I finished the first draft of P&K about a half-hour north of Medford on the day I got fired. I had a lousy relationship with the owner of
the company –I’ll be kind and leave it at that. There was such a tremendous sense of accomplishment that I really didn’t care at all,
and the remarkable timing of it all only helped convince me that I was in that dead-end, $8.50 and hour job for reasons that were far
beyond money or running packages. Getting fired was like God saying, “Well done –now take this to the next level.” (Actually all my
work/job hunting experience in the Rogue Valley seemed to point me directly to another go-around in long-haul driving. How many
people in our lives do we want to flip off and curse their names, when in fact they are only guiding us toward God-given paths we
would never volunteer to take!)
So one last hurrah for me on the ol’ P&K Highway as an Ashland resident.
Made the drop and I’m headin’ back empty, this time to stay. I’ll get one full day of hometime anyway, leave Friday to beat the 4th of
July holiday lull in freight. Bray and I both want the miles. We started moving into the new apartment this morning. I am overjoyed
for her to have her own place, where she can set it up and live exactly how she wants. It puts us even more on equal terms, since that
is what I have in my rolling home. Aubray thinks I’m too White Trash because I’m content to use things like milk crates and sleep on
a mattress on the floor. Maybe she’s right, or maybe I’m just perpetually 19. Now I guess I’m free to be either, hot-diggity-dog!

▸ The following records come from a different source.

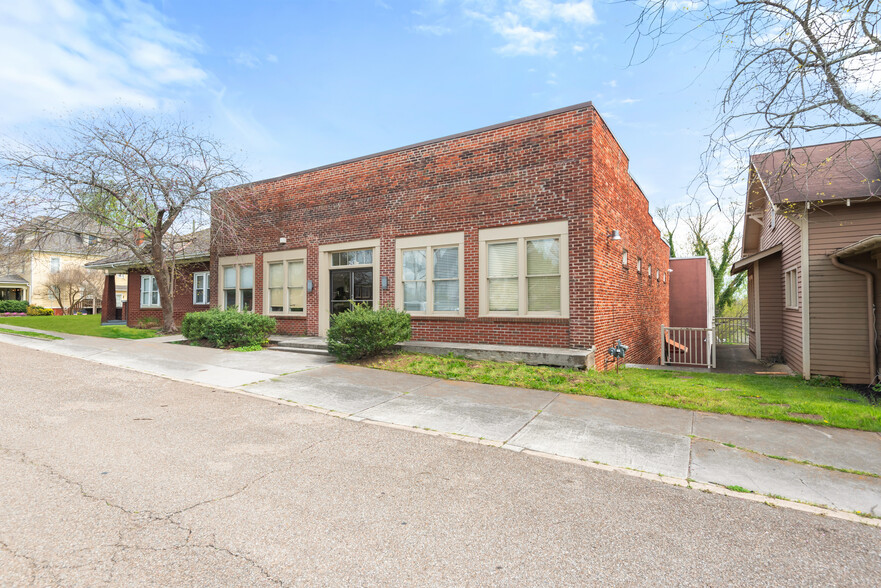 428 E Scott Ave, Knoxville, TN for sale - Building Photo - Image 2 of 12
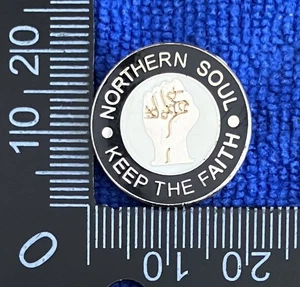 Northern Soul - Keep The Faith - Vintage - Original - Enamel Pin Badge - Picture 1 of 2
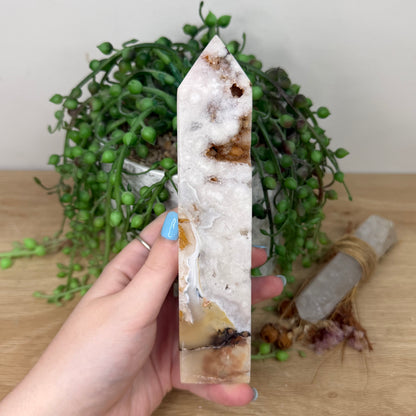 Pink Amethyst / Flower Agate Tower (Y943)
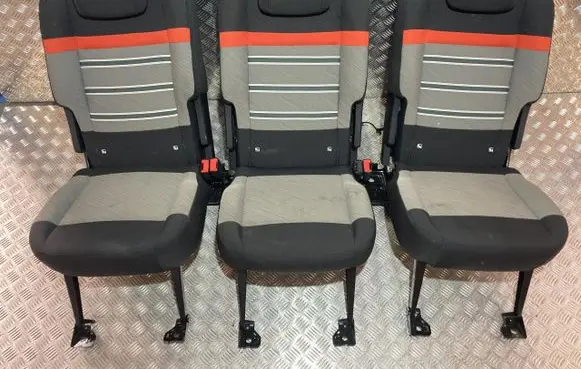 Citroen Berlingo Second row seats PK18846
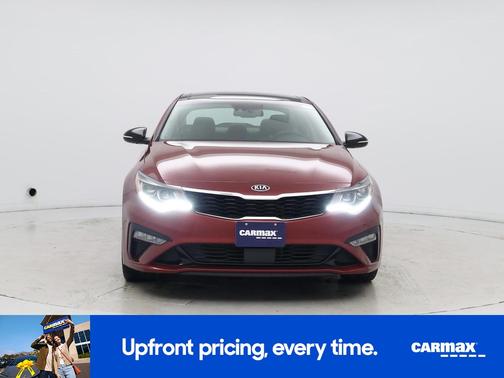 Red 2019 Kia Optima SX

Back to the “main thread.”
Actually, I’m going to resume when I ship out on Friday. My head isn’t in the right space for this, nor should it be. I have emotional
responsibilities while I’m still here, to Bray and myself. I invited her to come with me to Springfield today but she declined, saying she
needed to pack and wanted to go to Wednesday service at ACF. When I got back to the house she was depressed, and wished she had
gone with me, and I realized that I wished she’d come too. This move (and separation) won’t be without some emotion. I need to be
here in full while I’m here, something I’ve never been able to do for her very well. It will be a welcome change. HC- Ashland, Ore.